James Page: It’s important that we treat the wedding almost within the realm of when a stranger or family member goes to a wedding. They are always presented with the best version of a family. A wedding is as much a wedding to marry your children off but also to represent your family as best as it can be. Quite often, what a guest doesn’t see or have revealed to them is the inner complexity of the personal relationships within the close family. By putting the wedding in the garden and on the ground floor of the house, what we are trying to do is to enable the upper floor of the house to be this revelation into the mindscape of each member of the close family.
The key family members are the father and his children, son Narain and daughter Amrit. These three characters play very strongly within the book. By going upstairs, we are enabling both the film and the live experience to become almost a surreal realm, where each individual room is almost a voyeuristic glimpse into the minds of those characters. So the father’s room looks like his obsessed nature, in regard to furiously writing letters, which is his own release within his bipolar mindscape. We also get a glimpse of his wife, who we believe may have died while giving birth to Amrit. The wife is not real or alive, but in his mind, she comes to the room every night.
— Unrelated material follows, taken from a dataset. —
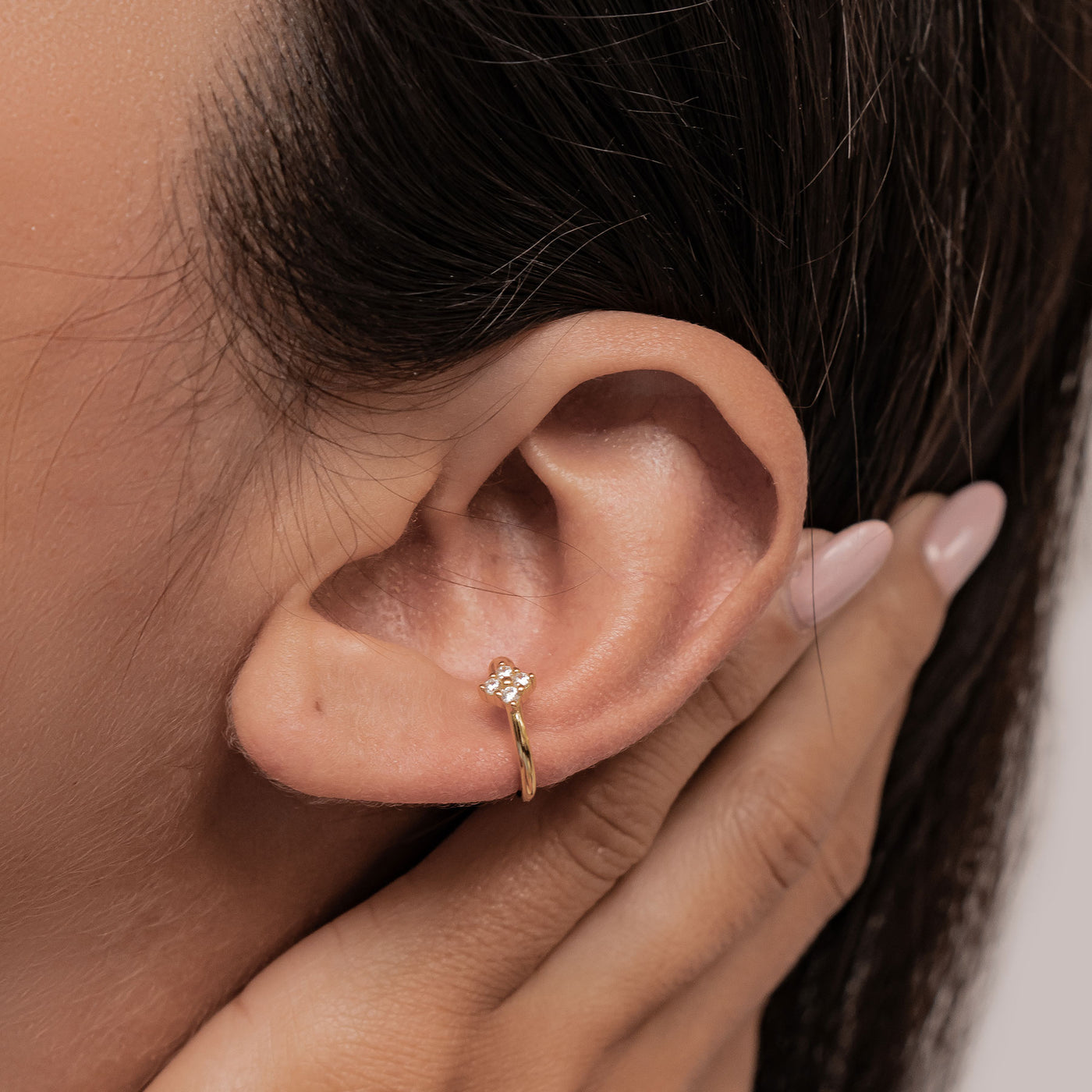 Gänseblümchen Ear Cuff – 925er Sterlingsilber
Narain’s room hints that his father has put a lot of his fatherly duties on him because of his inability to control his daughter. On the floor are unopened letters still in their envelopes sent to him from his father while he was in university. A pivotal point of Narain’s character development in the book is a moment he goes to a backyard barber and cuts his hair, which, in the Sikh religion, is a very bold statement against his tradition, religion and father. The room has the barber’s chair, the hair and the letters he never opened.
The architecture of the house then lends itself to how, while these rooms are parallel, Amrit’s room is at the back of the house. She is bipolar and the most obviously bipolar member of the family throughout the book. Her way of release is almost like a sex addiction. Her room has a four-poster bed, which is symbolic sexually. Having had a relationship with almost all the construction workers in her neighbourhood, she describes how she wants to sink into the soil and dirt. So, the bed, although beautiful in appearance will have a mattress covered in soil. And it’s this writhing in the dirt within the context of a four-poster bed that relates her character.
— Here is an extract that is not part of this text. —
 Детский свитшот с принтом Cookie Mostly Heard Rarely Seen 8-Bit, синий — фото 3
When you come out of all these rooms, at the top of the stairs is the hall, which isn’t particular to any one character. In the book, the description of the father’s relationship with the children are these shards of glass, his words. And so, the room windows within this hall will be lined with smashed mirrors. So when the characters and the audience look out of the house, they are both looking at themselves smashed in shards but also getting a glimpse of the wedding outside. It’s a fractured image of the wedding – this environment in which the characters reveal themselves. To a degree, it even reveals the camera, which is a link at the end of the film; whether we show the camera that the audience knows is there is also captured in the film.
And the film is very much inspired by the book.
JP: Raja took the book as an inspiration and he diverged. The wedding is not in the book, it’s different. However, the characters and their mental state are very much privileging the book. So, the rooms and the house are a foundation and an insight into their mental states.